Is your mortgage a repayment one (rather than interest only)? And can you comfortably afford the repayments? If so, then worst case scenario, if the stock markets crashed so badly your investments were close to worthless, t hen you'll still have paid off your mortgage in 25 years time.

That said, long term (especially over the 25 years of your mortgage term), investments will almost certainly return more than 1.5%. Personally, we have opted for a 35 year mortgage, fixed at 2.09% for five years and are putting all our money into investments instead of over payments. We can comfortably afford the mortgage repayments and intend to stay in the house long term. We'll have a LTV of less than 60% when we remortgage in 5 years time (below this doesn't seem to help in terms of better interest rates). Investing the "overpayments" should, over the long term, result in us having a higher net worth than overpaying the mortgage. I am comfortable with taking this long term view, and the knowledge that investments can (and do) go down as well as up but only you can decide your own comfort level. Overpaying the mortgage is a guaranteed win, and would feel great psychologically, and is hardly a "bad" choice. Always remember "action is better than inaction" - do SOMETHING with the money to ensure you benefit from it later in life!

Yoneri · 20/02/2019 22:02

Buying a house is more important because you need to have a roof over your head. Your family’s stability is dependant on the house you own. Renting is an option, but it is not always reliable. This is why people strive and struggle to own a house.

NeedAUsernameGenerator · 23/02/2019 19:03

Historically the stock market has done significantly better than 1.5% in the long term but you need to consider whether you may need to access the money. We have been in a similar situation and have done a bit of both because there's always a risk of something like redundancy coinciding with a stock market crash. We also have a fair bit of cash. It's probably 60% stock market, 30% mortgage and 10% cash.

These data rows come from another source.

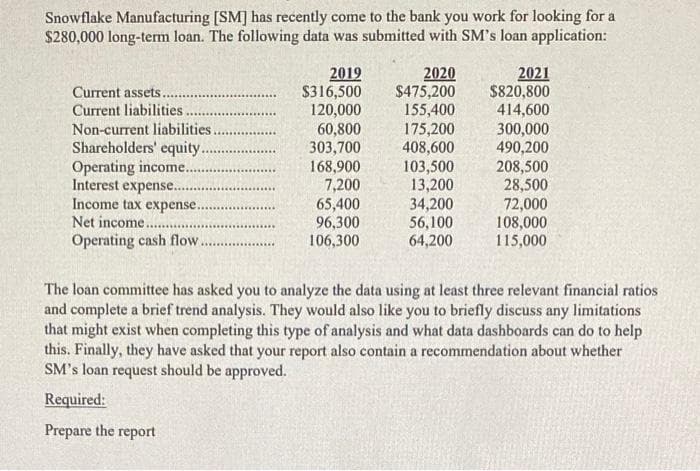 Snowflake Manufacturing [SM] has recently come to the bank you work for looking for a
$280,000 long-term loan. The following data was submitted with SM's loan application:
2020
$475,200
155,400
175,200
408,600
103,500
13,200
34,200
56,100
64,200
2019
$316,500
120,000
2021
$820,800
Current assets..
Current liabilities.
Non-current liabilities.
Shareholders' equity..
Operating income...
Interest expense...
Income tax expense..
Net income...
414,600
60,800
303,700
168,900
7,200
65,400
96,300
106,300
300,000
490,200
208,500
28,500
72,000
108,000
115,000
Operating cash flow...
The loan committee has asked you to analyze the data using at least three relevant financial ratios
and complete a brief trend analysis. They would also like you to briefly discuss any limitations
that might exist when completing this type of analysis and what data dashboards can do to help
this. Finally, they have asked that your report also contain a recommendation about whether
SM's loan request should be approved.
Required:
Prepare the report
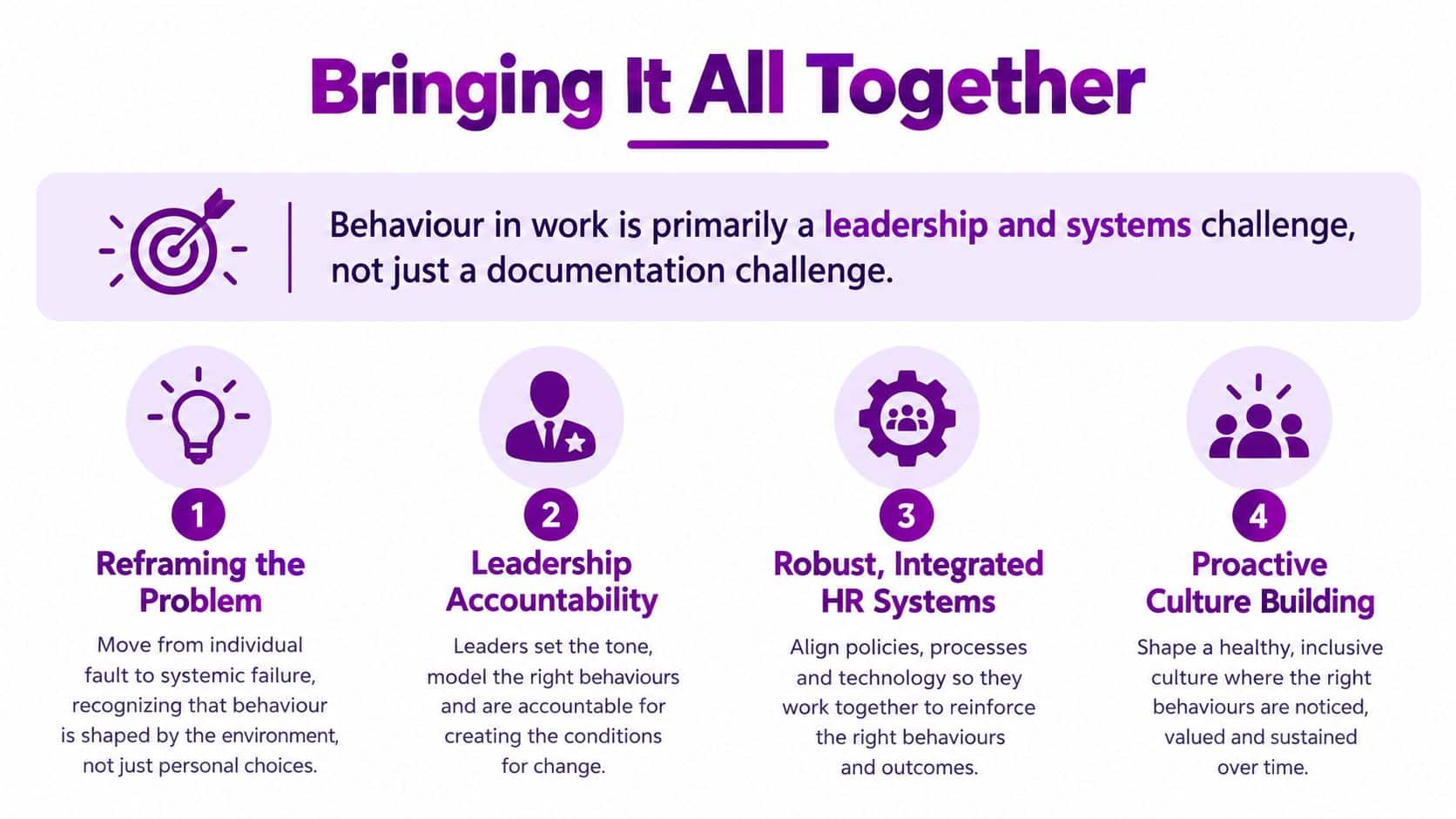 A diagram outlining four strategic pillars for addressing workplace behaviour through leadership and integrated systemic change.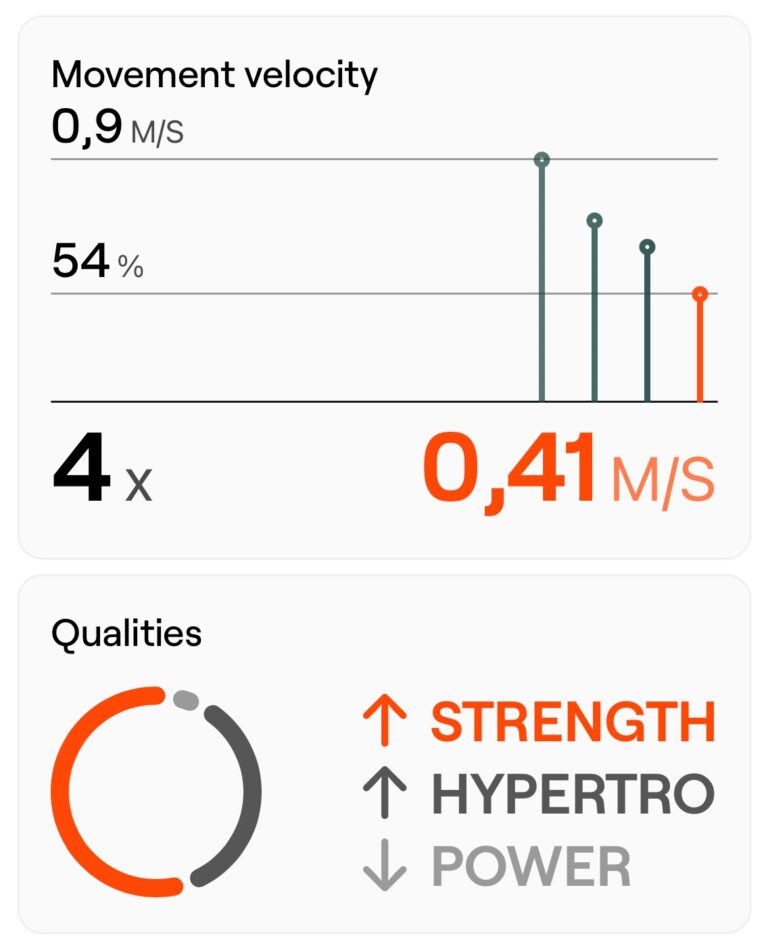 In training feedback view screenshot.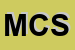 Logo di M e C SNC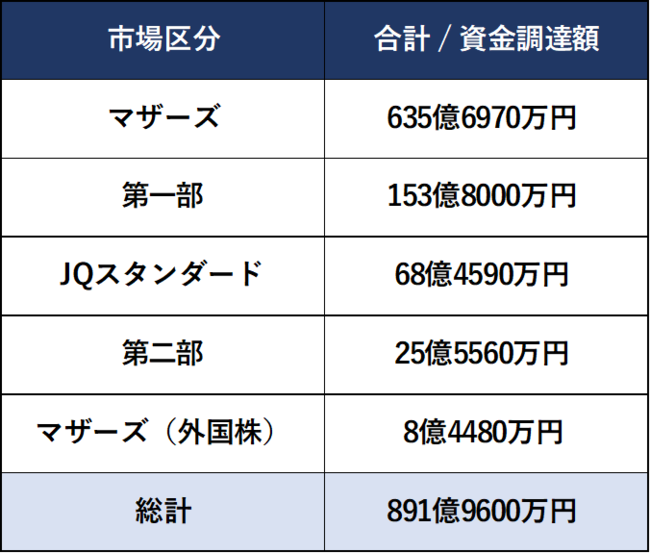 2021年上半期IPO　資金調達額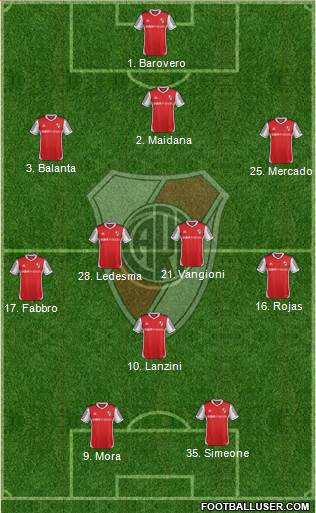 River Plate Formation 2014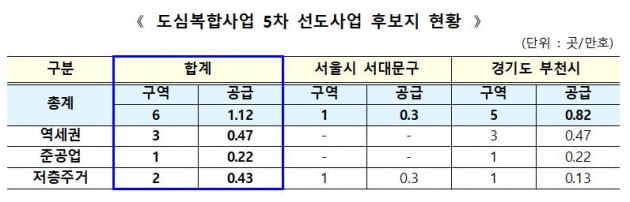 서울 서대문·경기 부천 등 6곳서 1만1200가구 공급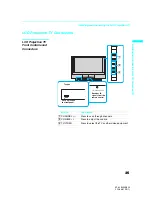 Preview for 25 page of Sony KF-50WE620 - Lcd Projection Tv Hd-monitor Grand Wega Operating Instructions Manual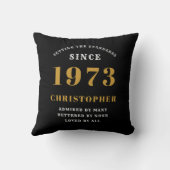 50e verjaardag Geboren in 1973 Voeg de naam Black Kussen (Achterkant)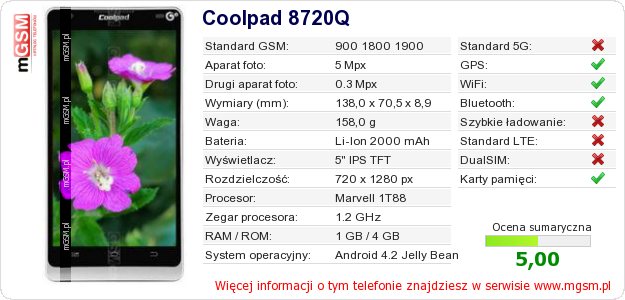 Dane telefonu Coolpad 8720Q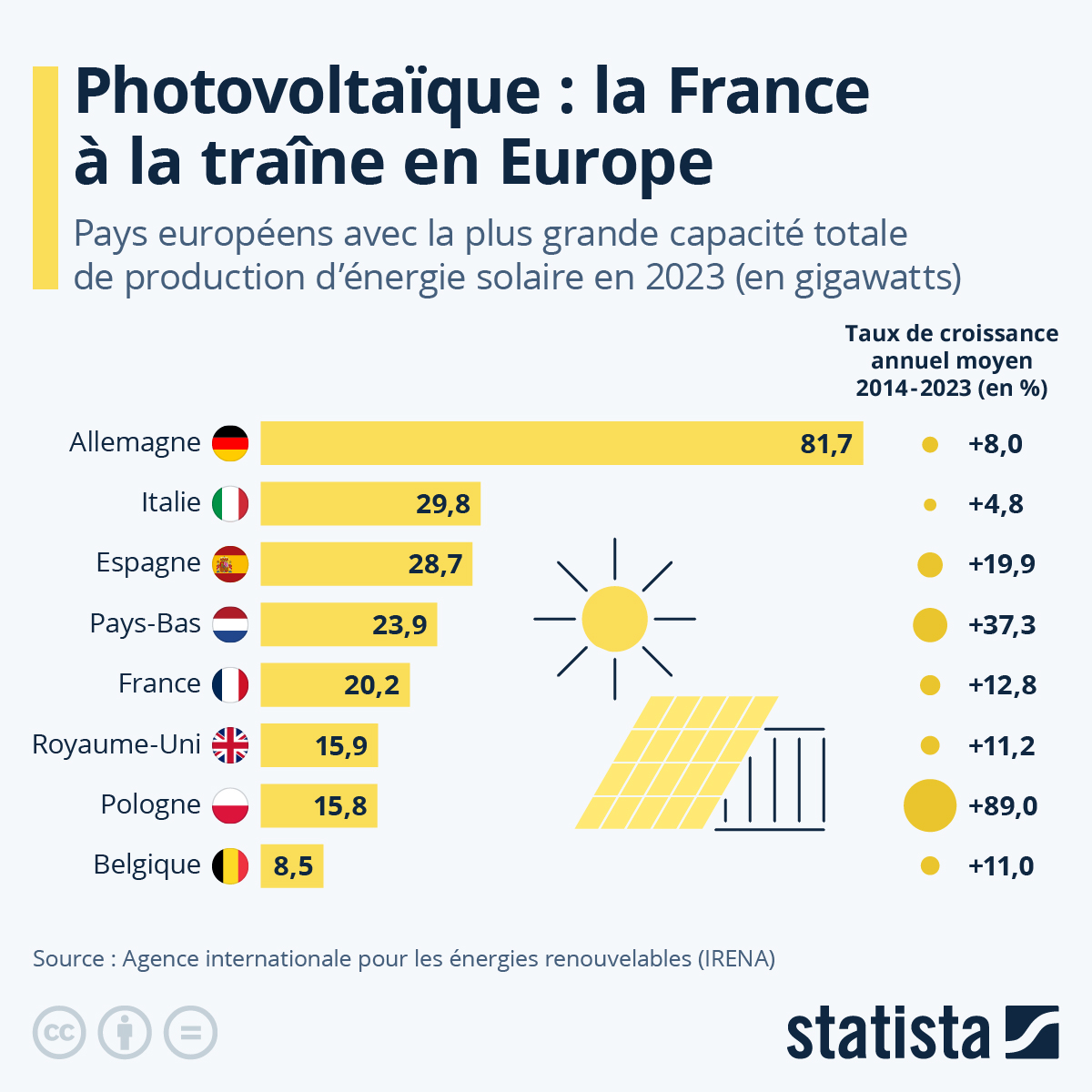 découvrez les dernières tendances du photovoltaïque en 2023, des innovations technologiques aux changements réglementaires, et comment elles transforment le paysage de l'énergie solaire.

pyramidbutterflyfish · 23/02/2019 19:10

That's a fantastic mortgage deal. Unless you've got very high LTV in which case it would be safer to reduce it, I'd invest - you almost certainly will end up better off. Surely this must be a thread where even MN has to drop its weird obsession with being mortgage free

Linguaphile · 05/03/2019 09:11

Thanks for the responses, and sorry for not getting back sooner, I didn’t realize there had been other replies!

Yes, the deal is really good, it’s a preferential rate we get because of DH’s job. The LTV at the moment is about 70%, so not super high but not low either. We have maybe 400k in equity. We definitely don’t have plans to upgrade; if anything, for our next house I think we’d like to downsize and use the equity to buy somewhere outright in a cheaper location. The property market here is hot (we’re in a European city, not the UK) so at the moment the equity gains are vastly outstripping any modest gains we’d make from the monthly payments if that makes sense, so we’ll likely stay put for at least the next 5ish years to benefit from further projected market gains and then will re-evaluate our position. We also have young children in school so are not wanting to move them from our area until they’re finished with primary.

It sounds from the replies that long term investments would be the better option to eventually overpay? I suppose there is the added bonus that, should we have unforeseen financial problems at some point in the future, investments are a bit easier to liquidate than the family home.